I find all bee vac kill a lot of bees and make a sticky mess... which is why I seldom if ever use them anymore... I know a lot of you swear by them, but I just can't see the point.


----------



## Brandy (Dec 3, 2005)

I found that if I had the vac going while I removed the hose that I left alll the bees inside the bucket vs. pulling out those left in the hose and closing the trap door a little easier. 

Just my .02 cents.


----------



## knpeterson (May 18, 2009)

I have the owens bee vac too and the door is my only problem with it. I'm going to modify mine like you did. Thanks for sharing that tip. I don't like to use it much for the same reason Micheal stated. I just use it when I have no other choice. I used it last week and had too many dead bees.


----------



## Jeffrey Todd (Mar 17, 2006)

The Scotchman inside of me won't let me spend money on something that can be so easily made with materials most of us have on hand already. 
My homemade beevac, made usingidea s from the design on this website, works exceedingly well, and will not kill bees unless I am careless and use too much suction.
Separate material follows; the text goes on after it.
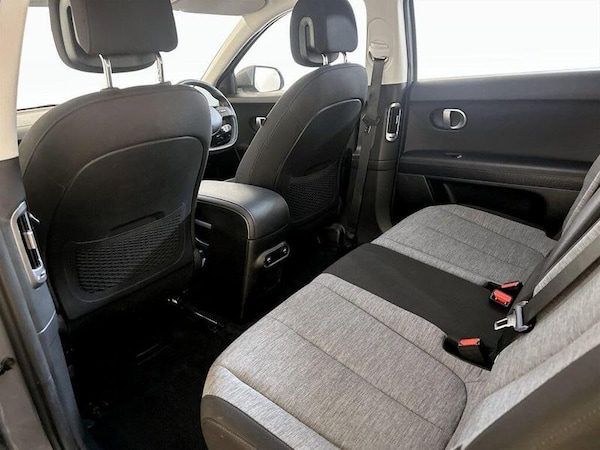 Used Hyundai IONIQ 5 2022 for sale - 76038050: Photo 14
To me, the beevac is the single most useful innovation in beekeeping to come along in the last 30 years. I have some outstanding colonies populated by bees that have all made the journey through the hose. 
It makes me feel a little bad that Michael Bush, who spends so much time and effort helping other beekeepers, is not a beneficiary of this development.


----------



## Michael Bush (Aug 2, 2002)

I don't see the point of a bee vac. I can get the bees to go where I want without one, so why kill them and strees them and get them sticky when I can brush them into the box, put the brood in the box and not worry about it? I can see getting that last little clutser after dark, I guess, but I usually just brush them onto a dustpan and dump them in...


----------



## wolfpenfarm (Jan 13, 2009)

I built one where i vac them up and they go directly into the hivebody. No bees killed. 
Just drop the tied up comb into it and they are back to work.

Michael, brushing them is ok, but i find the vac does help get them out of the way while cutting comb out.


----------



## Beekeeper's hubby (Jun 5, 2009)

I glued a dense foam air filter for a lawn mower for a crash pad in the cage and the condition of the bees after vacuum is much better.
Its great for cleaning up swarms or removing bees from comb. If you try to vacuum up full swarms the bees tend to stick together and plug the hose.


----------